Una volta c’erano le cerimonie inaugurali delle Olimpiadi. Che quando si svolgono d’altra parte del mondo ti fanno stare sveglio ad orari improbabili. Stavolta no, erano dietro casa, peccato che invece degli atleti si parlava soprattutto della grandeur francese, con annessa ultima cena in salsa trans. Dove trans sta per transaminasi. Da record olimpico, quelle degli atleti dopo un bagnetto sulla Senna.

Ma l’importante si sa è partecipare, lo diceva anche Gaber, anzi lo cantava: libertà non è stare sopra un albero e nemmeno il volo di un moscone, libertà è partecipazione. Non quando arrivi quarto e vinci la medaglia di legno, perché poi arriva una vecchia spadaccina inacidita che ti spiega che invece conta solo vincere. “Vincerè e vinceremo“! Anche se qualcuno invece preferisce defilarsi, perché si accorge che i pugni fanno male. Non tanto male come l’acqua della Senna, ma comunque anche quelli rischiano di aumentare il mal di fegato. D’altra parte si sa, le donne non vanno colpite nemmeno con un fiore, perché mai dovrebbero prendersi a pugni?

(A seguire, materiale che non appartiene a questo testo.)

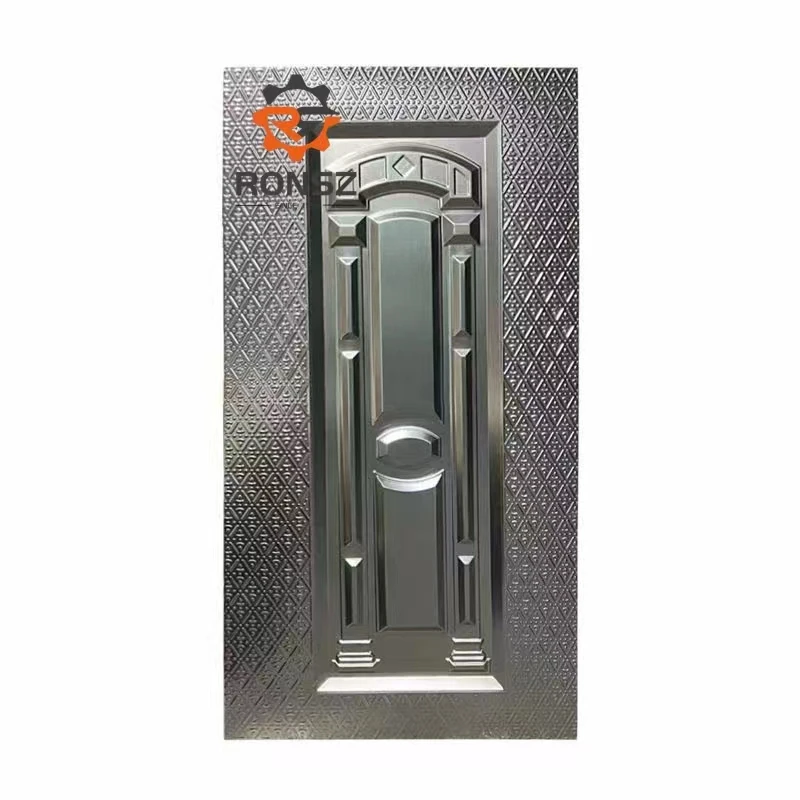 Reasonable Price Moulded Steel Door Skin Embossed Pressed Metal Door Skin Panel For Door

E meno male che almeno alle Olimpiadi si spara solo ai piattelli, perché in giro c’è invece chi spara a ben altro. Che poi mi sono sempre chiesto, ma quelli che fanno questi sport particolari, che sparano, tirano con l’arco, vanno su barchette improbabili, volteggiano su strani attrezzi, nei quattro anni tra un’Olimpiade e un’altra, che fanno? Dove stanno? Come passano le domeniche? Chissà. Però forse almeno loro non devono stare in pena ogni estate per la campagna acquisti della Lazio. Non perdono tempo a insultare Lotito e si potranno godere la prossima cerimonia inaugurale delle Olimpiadi.